Jamil Kawa, Synopsys Fellow, Synopsys
Jamil Kawa, Synopsys Fellow, Synopsys
The pace of deep machine learning (ML) and artificial intelligence (AI) is changing the world of computing at all levels of hardware architecture, software, chip manufacturing, and system packaging. Two major developments have opened the doors to implementing new techniques in machine learning. First, vast amounts of data, i.e., “Big Data,” are available for systems to process. Second, advanced GPU architectures now support distributed computing parallelization. With these two developments, designers can take advantage of new techniques that rely on intensive computing and massive amounts of distributed memory to offer new, powerful compute capabilities.

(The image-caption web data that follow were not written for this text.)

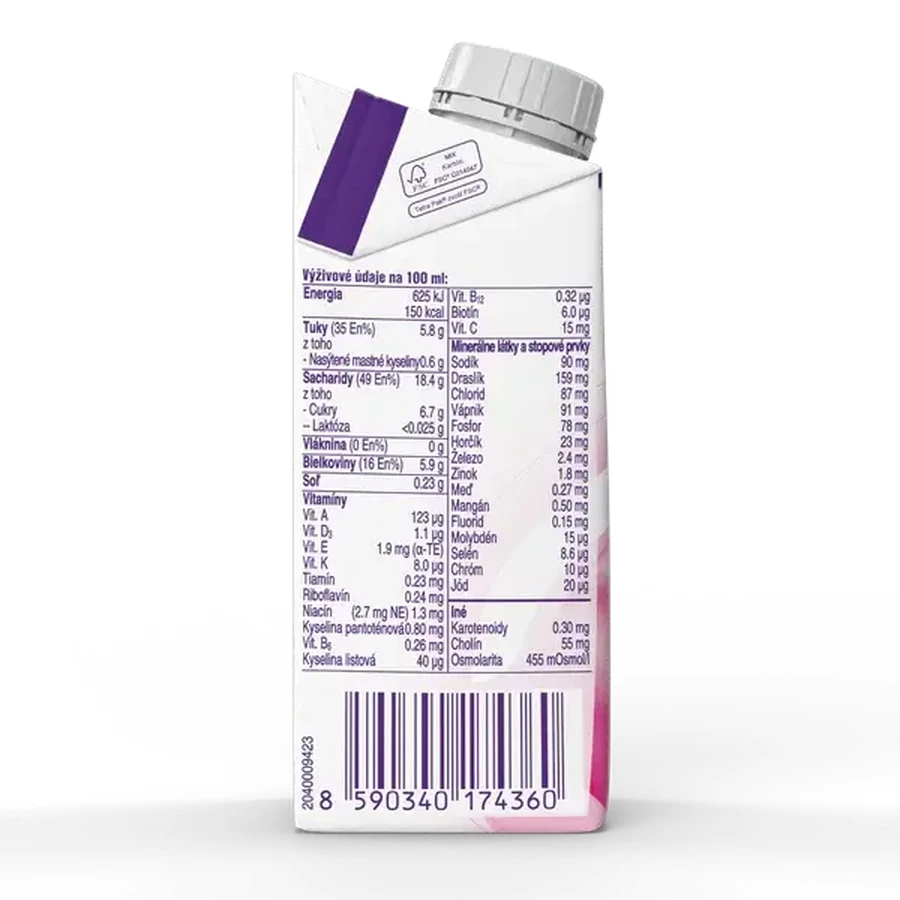 Nutridrink aardbei 4x200 ml, drank voor medisch gebruik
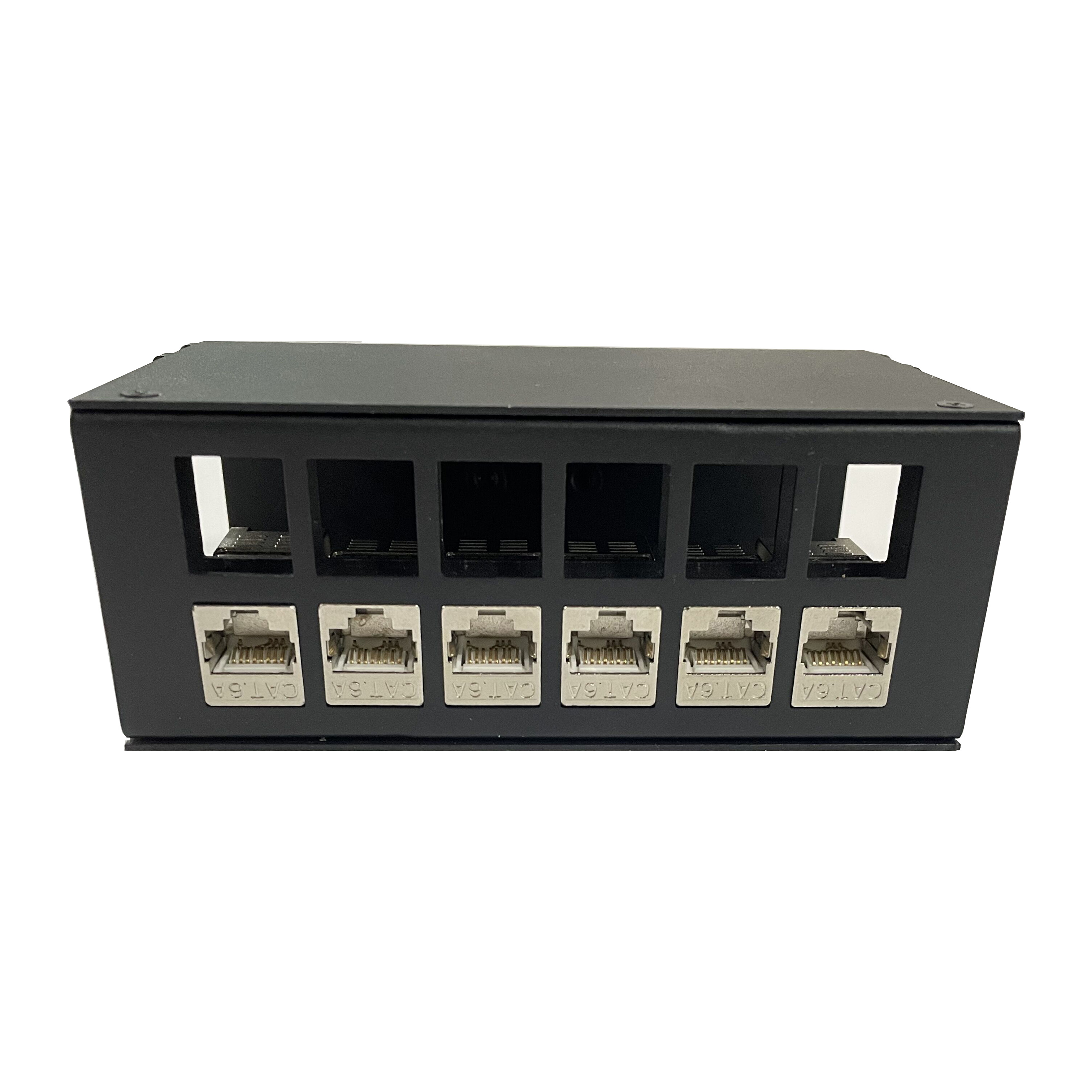 Network STP FTP 12 port Cat6 patch panel with Cat6 Keystone Jack DIN network RJ45 patch panel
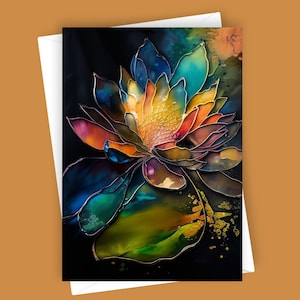 Nénuphar fantaisie #2 - Carte de voeux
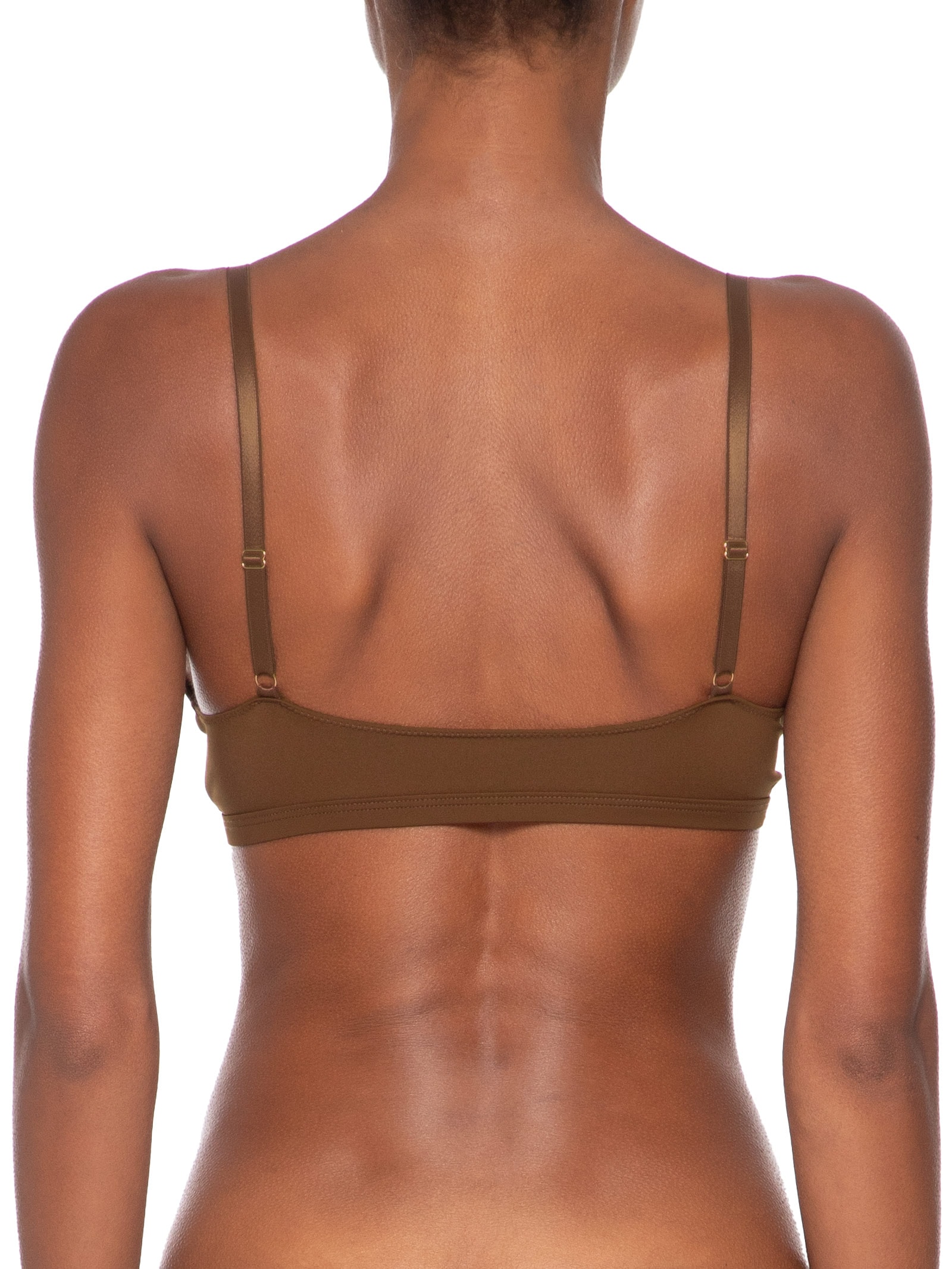 Sutiã Lenço Poliamida Maya Marrom Jogê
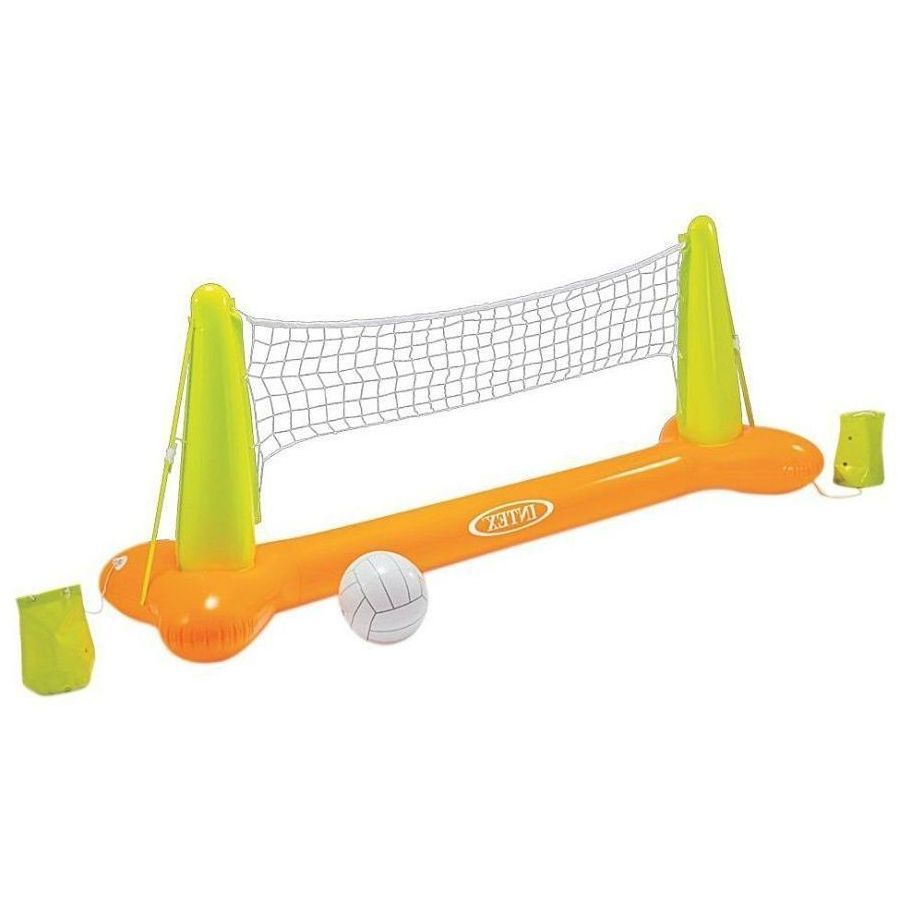 

Волейбольная надувная сетка для бассейна 239х64х91 см, в комплекте с мячом, от 6лет, Оранжевый;зеленый
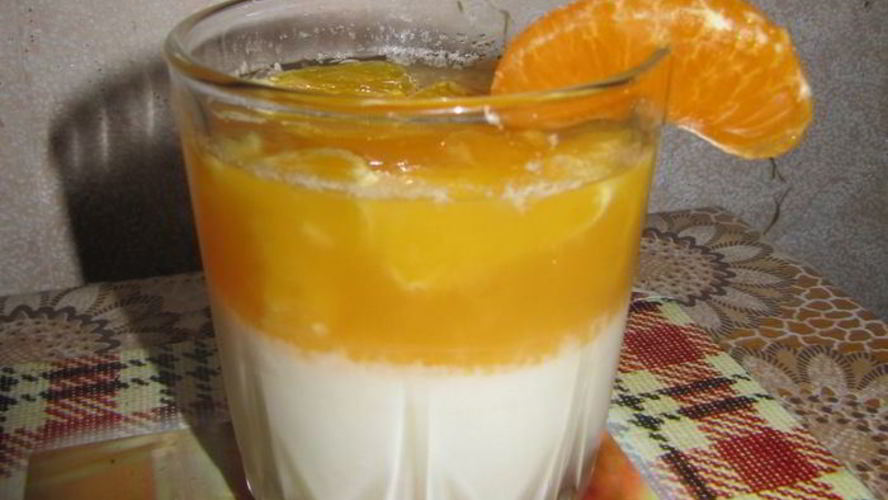 Рецепт цитрусовая панна котта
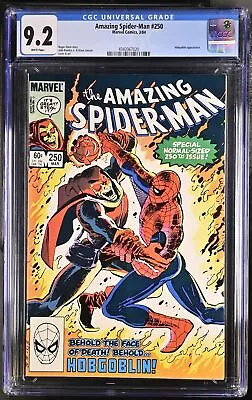 Buy Marvel Comic Amazing Spider-Man #250 V1 CGC 9.2 White Pages Hobgoblin 1984 (cz) • 55.17£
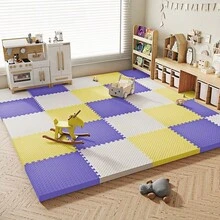 8块婴儿房地毯，30x30厘米彩色互锁泡沫拼图垫，带数字和字母，防滑婴儿爬行垫，适用于客厅、卧室、早教、婴儿学习和玩耍、泳池垫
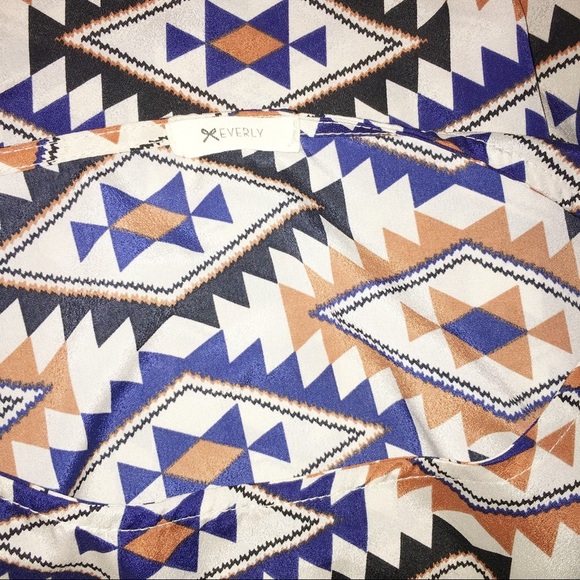 EVERLY geometric Aztec modern boho shift dress - Picture 5 of 5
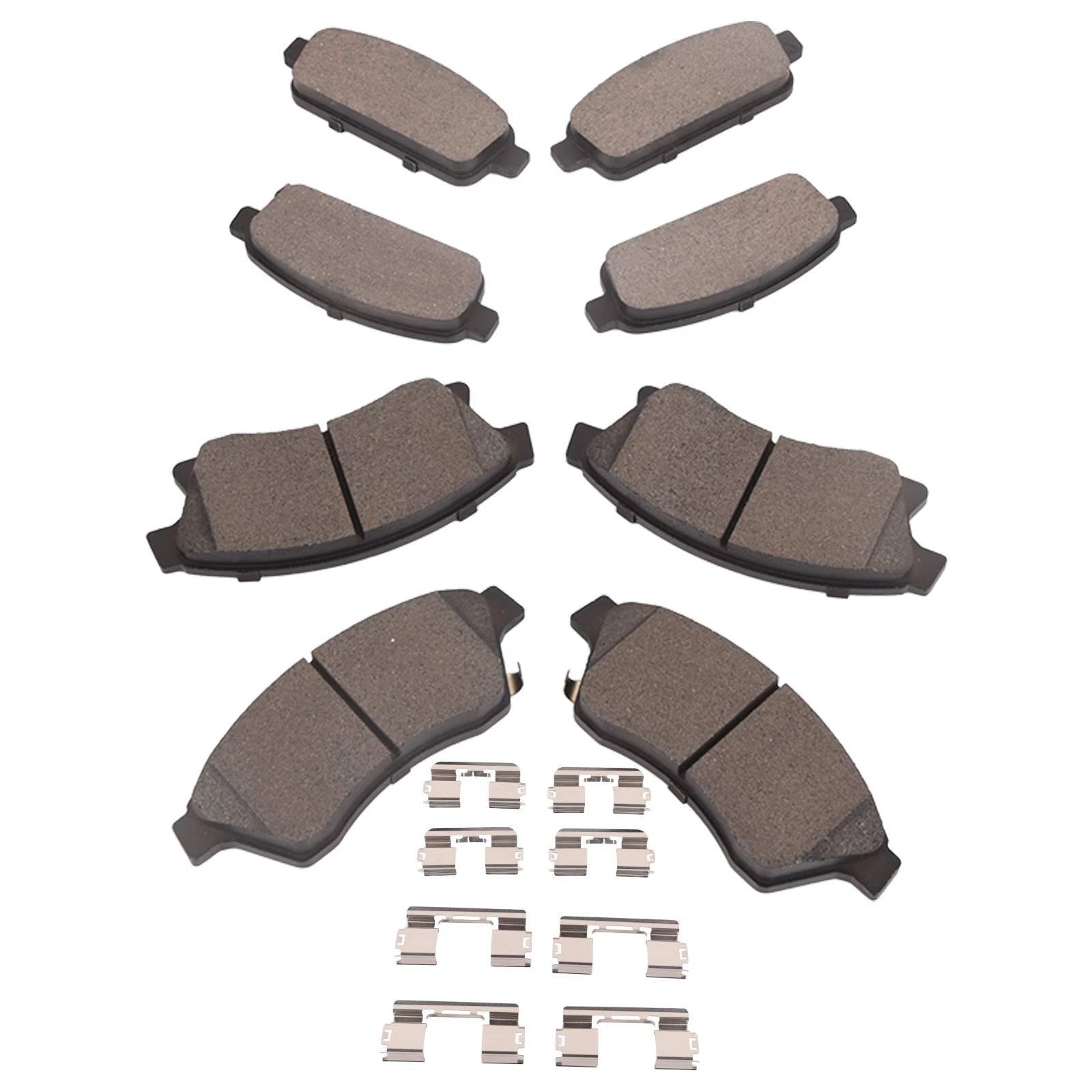 Set of 4 Ceramic Brake Pads for Chevy Cruze Limited, Sonic, Buick Verano (2016–2019)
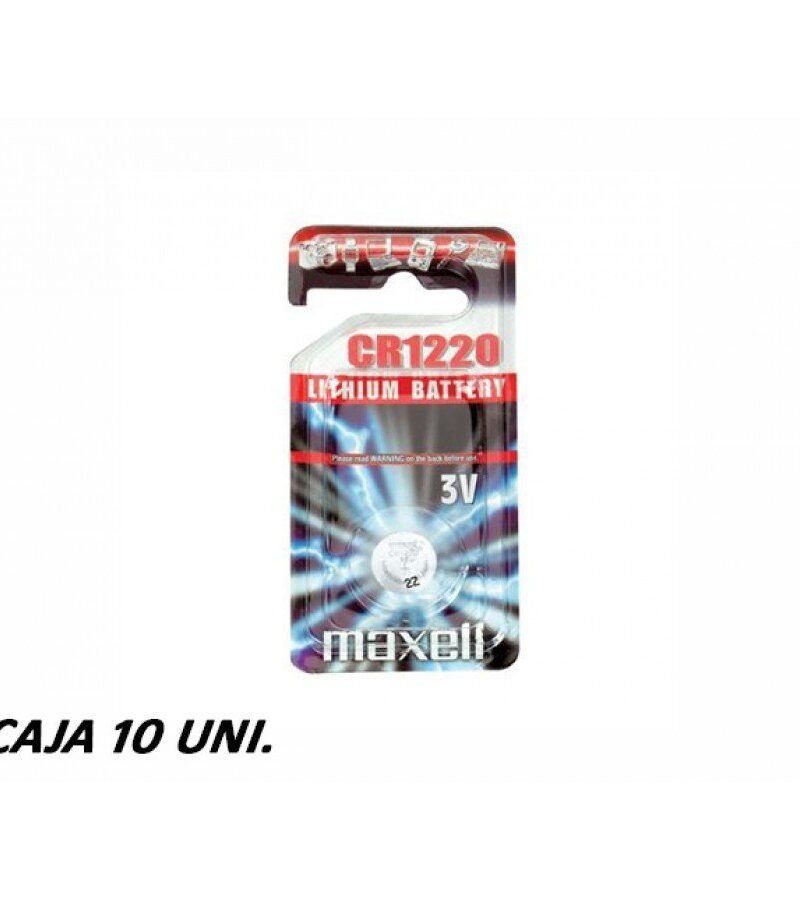Pila botón CR1220 3 V Maxell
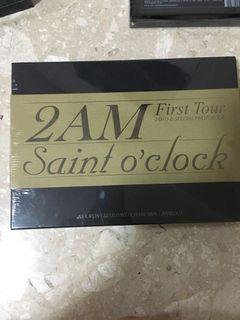 (Brand New) 2AM Saint O’clock First Tour DVD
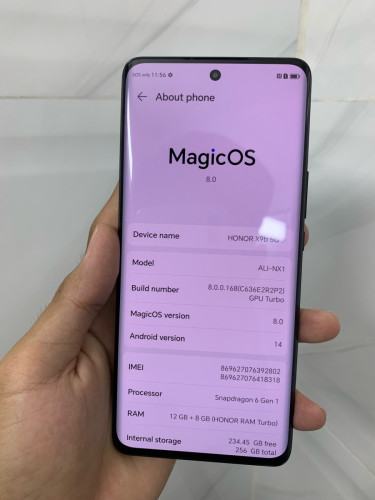 Honor X9b 5G ក្រុមហ៊ុន Ram12+8G Storage256G 145$$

Neuromorphic computing-based machine learning utilizes techniques of spiking neural networks (SNNs), deep neural networks (DNNs) and restricted Boltzmann machines (RBM). Combined with Big Data, “Big Compute” is utilizing statistically-based high-dimensional computing (HDC) that operates on patterns, supporting reasoning built on associative memory and on continuous learning to mimic human memory learning and retention sequences.
Emerging memories range from compute-in-memory SRAMs, STT-MRAMs, SOT-MRAMs, ReRAMs, CB-RAMs, and PCMs. The development of each type is simultaneously trying to enable a transformation in the computation for AI. Together, they are advancing the scale of computational capabilities, energy efficiency, density, and cost.
Several challenges face system designers in choosing the optimal computing architecture and the associated combination of memories supporting their objectives for an ML/AI application. Although designers utilize traditional embedded SRAM, caches, and register files today, no generic nor exotic memory solution can satisfy the newly required AI loads in development. However, as machine learning is projected to consume a majority of the energy consumed, optimizing memories for machine learning helps designers hit their power budgets. This has major implications for system design.
Designers balance the requirements of their designs as they determine which of the nine major challenges are most critical at a given time:
Each of these memory challenges can be addressed in multiple ways, as usually there is more than one alternative for the same objective. Each alternative will have pros and cons, including further scalability implications for architectural decisions.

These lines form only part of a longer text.